--- TASK REQUIREMENTS ---
Which lines in the records below contain the word "Silver"? Copy each one out.

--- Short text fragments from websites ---
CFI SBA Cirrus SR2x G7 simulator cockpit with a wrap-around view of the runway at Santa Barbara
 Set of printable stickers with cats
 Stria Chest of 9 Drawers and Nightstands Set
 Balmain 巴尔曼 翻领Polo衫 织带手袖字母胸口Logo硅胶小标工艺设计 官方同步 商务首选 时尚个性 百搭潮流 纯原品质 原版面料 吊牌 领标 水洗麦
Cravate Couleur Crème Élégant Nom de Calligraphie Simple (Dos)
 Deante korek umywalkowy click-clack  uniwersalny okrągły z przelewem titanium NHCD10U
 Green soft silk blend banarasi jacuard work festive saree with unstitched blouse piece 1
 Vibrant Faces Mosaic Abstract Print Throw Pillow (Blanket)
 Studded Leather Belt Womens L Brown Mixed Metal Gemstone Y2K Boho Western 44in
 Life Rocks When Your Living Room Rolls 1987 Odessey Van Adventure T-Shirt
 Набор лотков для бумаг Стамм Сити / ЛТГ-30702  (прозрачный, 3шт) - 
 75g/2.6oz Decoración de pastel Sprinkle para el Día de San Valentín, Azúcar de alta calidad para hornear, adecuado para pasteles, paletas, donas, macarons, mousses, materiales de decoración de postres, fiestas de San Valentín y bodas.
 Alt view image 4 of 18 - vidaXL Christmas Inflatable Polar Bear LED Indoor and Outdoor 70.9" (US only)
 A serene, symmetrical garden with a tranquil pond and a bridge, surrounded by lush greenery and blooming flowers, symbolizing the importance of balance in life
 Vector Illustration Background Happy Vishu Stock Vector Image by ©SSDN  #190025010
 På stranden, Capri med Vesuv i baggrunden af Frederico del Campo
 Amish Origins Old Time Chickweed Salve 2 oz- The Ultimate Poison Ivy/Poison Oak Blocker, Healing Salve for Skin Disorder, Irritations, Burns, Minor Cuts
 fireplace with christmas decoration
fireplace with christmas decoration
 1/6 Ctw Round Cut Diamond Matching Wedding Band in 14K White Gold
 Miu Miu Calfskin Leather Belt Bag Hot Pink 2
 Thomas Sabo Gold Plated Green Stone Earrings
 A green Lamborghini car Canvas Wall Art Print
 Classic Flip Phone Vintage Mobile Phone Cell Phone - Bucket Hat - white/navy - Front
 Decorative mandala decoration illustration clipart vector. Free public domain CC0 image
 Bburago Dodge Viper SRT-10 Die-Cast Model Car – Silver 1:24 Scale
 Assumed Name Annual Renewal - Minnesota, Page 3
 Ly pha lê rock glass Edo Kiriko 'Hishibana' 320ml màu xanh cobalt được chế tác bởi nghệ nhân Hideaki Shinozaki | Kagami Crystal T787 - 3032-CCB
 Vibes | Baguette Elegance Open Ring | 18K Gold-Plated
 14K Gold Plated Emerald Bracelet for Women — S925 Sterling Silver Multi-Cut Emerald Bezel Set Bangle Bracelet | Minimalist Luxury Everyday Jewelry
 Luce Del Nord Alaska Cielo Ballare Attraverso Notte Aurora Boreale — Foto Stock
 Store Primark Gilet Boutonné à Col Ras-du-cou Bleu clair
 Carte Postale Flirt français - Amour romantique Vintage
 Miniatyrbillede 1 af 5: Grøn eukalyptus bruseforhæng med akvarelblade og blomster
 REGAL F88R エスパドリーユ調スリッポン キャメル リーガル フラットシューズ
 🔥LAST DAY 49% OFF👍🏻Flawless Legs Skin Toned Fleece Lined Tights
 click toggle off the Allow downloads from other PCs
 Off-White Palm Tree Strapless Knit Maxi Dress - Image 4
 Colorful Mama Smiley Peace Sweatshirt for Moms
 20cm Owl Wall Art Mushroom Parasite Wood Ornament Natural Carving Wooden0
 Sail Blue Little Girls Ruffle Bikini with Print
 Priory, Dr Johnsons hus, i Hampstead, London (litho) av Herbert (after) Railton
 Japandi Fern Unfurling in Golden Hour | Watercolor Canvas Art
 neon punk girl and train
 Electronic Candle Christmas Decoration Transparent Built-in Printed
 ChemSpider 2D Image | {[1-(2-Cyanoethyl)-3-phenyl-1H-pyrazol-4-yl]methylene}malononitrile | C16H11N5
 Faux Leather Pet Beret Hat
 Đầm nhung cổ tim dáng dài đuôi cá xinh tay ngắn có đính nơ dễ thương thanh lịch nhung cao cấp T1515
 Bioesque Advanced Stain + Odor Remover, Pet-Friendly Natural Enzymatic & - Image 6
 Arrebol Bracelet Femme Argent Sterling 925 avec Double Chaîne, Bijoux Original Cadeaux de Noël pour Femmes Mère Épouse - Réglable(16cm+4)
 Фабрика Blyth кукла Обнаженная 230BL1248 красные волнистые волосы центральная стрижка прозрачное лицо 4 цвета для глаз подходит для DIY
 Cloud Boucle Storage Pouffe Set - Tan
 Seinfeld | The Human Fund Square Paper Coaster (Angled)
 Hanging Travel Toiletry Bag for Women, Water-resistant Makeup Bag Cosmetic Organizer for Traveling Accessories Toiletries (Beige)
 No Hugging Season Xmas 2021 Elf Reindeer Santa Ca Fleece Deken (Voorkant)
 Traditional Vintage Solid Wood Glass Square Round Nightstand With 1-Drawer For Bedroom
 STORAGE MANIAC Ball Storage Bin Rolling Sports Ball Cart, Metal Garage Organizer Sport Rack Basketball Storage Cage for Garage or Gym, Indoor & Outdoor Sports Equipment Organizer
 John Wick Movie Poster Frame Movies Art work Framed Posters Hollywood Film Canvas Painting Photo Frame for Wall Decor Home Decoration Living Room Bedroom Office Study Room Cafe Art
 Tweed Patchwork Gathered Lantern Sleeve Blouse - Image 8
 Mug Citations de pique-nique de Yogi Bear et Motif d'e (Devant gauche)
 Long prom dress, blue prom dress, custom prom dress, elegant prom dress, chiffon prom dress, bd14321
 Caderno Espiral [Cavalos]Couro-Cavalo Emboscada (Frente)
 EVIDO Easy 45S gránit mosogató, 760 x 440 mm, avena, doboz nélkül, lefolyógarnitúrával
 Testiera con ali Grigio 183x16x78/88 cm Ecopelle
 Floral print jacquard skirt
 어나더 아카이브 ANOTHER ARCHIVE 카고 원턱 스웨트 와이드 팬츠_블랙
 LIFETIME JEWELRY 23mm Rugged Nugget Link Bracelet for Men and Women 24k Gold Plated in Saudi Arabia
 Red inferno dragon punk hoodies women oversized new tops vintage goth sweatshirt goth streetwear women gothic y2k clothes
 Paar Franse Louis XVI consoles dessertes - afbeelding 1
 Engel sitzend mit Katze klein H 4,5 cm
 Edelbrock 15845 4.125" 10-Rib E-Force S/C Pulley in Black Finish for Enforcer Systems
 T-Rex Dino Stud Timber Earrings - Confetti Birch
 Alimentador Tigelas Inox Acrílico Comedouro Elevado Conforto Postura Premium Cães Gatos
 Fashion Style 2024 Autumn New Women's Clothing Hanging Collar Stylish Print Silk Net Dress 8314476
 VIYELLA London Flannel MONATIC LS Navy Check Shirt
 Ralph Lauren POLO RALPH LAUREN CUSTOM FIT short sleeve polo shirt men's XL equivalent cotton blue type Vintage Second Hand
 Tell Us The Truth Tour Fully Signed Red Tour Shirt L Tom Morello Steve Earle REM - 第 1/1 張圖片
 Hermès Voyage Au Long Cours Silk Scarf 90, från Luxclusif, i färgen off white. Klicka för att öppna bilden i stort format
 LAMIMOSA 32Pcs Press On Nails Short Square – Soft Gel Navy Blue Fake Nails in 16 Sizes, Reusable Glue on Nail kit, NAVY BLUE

--- THE ANSWER ---
 Bburago Dodge Viper SRT-10 Die-Cast Model Car – Silver 1:24 Scale
 14K Gold Plated Emerald Bracelet for Women — S925 Sterling Silver Multi-Cut Emerald Bezel Set Bangle Bracelet | Minimalist Luxury Everyday Jewelry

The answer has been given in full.